Pada 1992, Dewan Perwakilan Rakyat Tingkat I Sumatra Utara memutuskan pemekaran wilayah Daerah Tingkat I Provinsi Sumatra Utara. Dalam proses itu, Mandailing dan Natal dinaikkan statusnya menjadi Daerah Tingkat II Kabupaten Mandailing-Natal. Kini Daerah Tingkat II Kabupaten Tapanuli Selatan terdiri daripada:
Daerah Tingkat II Kabupaten Angkola Sipirok
Daerah Tingkat II Kabupaten Padang Lawas
Daerah Tingkat II Kabupaten Mandailing-Natal
Daerah Tingkat II Kotamadya Padang Sidempuan
Prioritas utama pemekaran wilayah itu adalah pembentukan Daerah Tingkat II Kabupaten Mandailing-Natal. Kini Kabupaten Mandailing Natal dikenali sebagai MADINA, persis seperti Madina tempat berdirinya dinul-Islam.

Mandailing Dalam Sejarah
 
Kitab Nagarakretagama yang mencatat perluasan wilayah Majapahit sekitar 1365 M, menyebut nama Mandailing. Munculnya nama Mandailing pada suku akhir abad ke 14 menunjukkan adanya satu bangsa dan wilayah bernama Mandailing, yang barangkali telah muncul sebelum abad itu lagi.
Dengan demikian "tidak disangsikan lagi bahwa bersandar ungkapan dalam kakawin itu yang dapat diperkirakan sesuai dengan perkembangan sejarah, di Mandailing sudah berkembang suatu masyarakat yang homogen. Dan sebagai wilayah lain di Sumatra yang diungkapkan oleh Prapanca (dalam Nagarakretagama) seperti Minangkabau, Siak, Panai, Aru dan lain-lain, demikian Mandailing bahwa masyarakatnya yang tumbuh itu, entah luas, besar ataupun kecil, terphimpun dalam suatu ketatanegaraan kerajaan".

Setelah nama Mandailing dicatat dalam kitab Nagarakretagama di abad ke 14, kemudian beberapa abad berikutnya tak ada lagi nama Mandailing disebut. Selama lebih lima abad lamanya Mandailing seakan-akan hilang sejarahnya. Baru pada abad ke 19 ketika Belanda mulai menguasai Mandailing, baru berbagai tulisan mengenainya dan masyarakatnya dibuat oleh beberapa pejabat kolonial.

Na Itam Na Robi
Zaman sebelum masuknya Islam ke Mandailing, orang Mandailing menyebut zaman itu na itom na robi, artinya, zaman purba yang hitam atau gelap, yakni jahiliah. Sebelum Islam, masyarakat Mandailing adalah masyarakat si pele begu, yakni masyarakat yang memuja roh leluhur mereka.

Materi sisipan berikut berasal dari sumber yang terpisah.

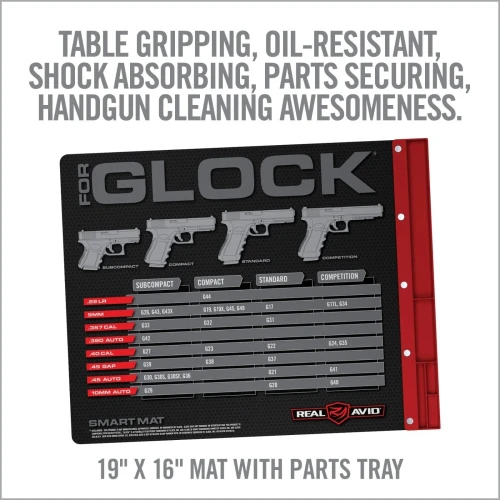 Real Avid/revo Smart Mat, Avid Avglocksm    Glock Smart Mat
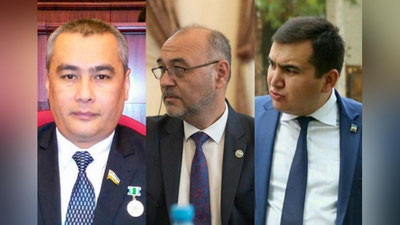 '”Nozim Safari: “Faol deputatlar nomzodlari ro`yxatdan olib tushlandi. Bu G`anievning qasdi yoki Iqbol Mirzoning nomzodi ilgari surilgani sabab...”'ning rasmi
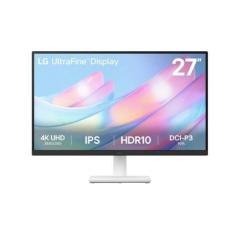 Monitor Profissional LG UltraFine 27", 4K, 60Hz, 5ms, IPS, Dynamic Action Sync, HDR10 - 27US500-W.-Unissex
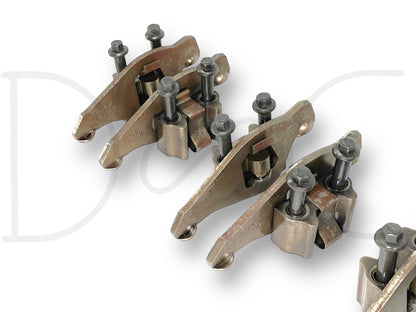 95-02 Ford F250 7.3 Intake Exhaust Rocker Arm Pedestal Set (8 Cylinders) *Blem*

Sampai sekitar awal abad ke-20, sisa-sisa dari agama kuno itu masih tampak bekasnya dalam kehidupan masyarakat Mandailing. meskipun agama Islam telah merata menjadi anutan orang Mandailing. Di beberapa tempat misalnya masih dilakukan orang upacara pemanggilan roh yang disebut pasusur begu atau marsibaso yang sangat dikutuk oleh ulama.

Amalan si pele begu melibatkan upacara meminta pertolongan roh leluhur buat mengatasi misalnya bencana alam seperti musim kemarau panjang yang merusak tanaman padi penduduk. Orang-orang yang pernah menyaksikan upacara itu sulit membantah lantaran turunnya hujan lebat di tengah kemarau panjang setelah selesainya upacara ritual itu dilakukan.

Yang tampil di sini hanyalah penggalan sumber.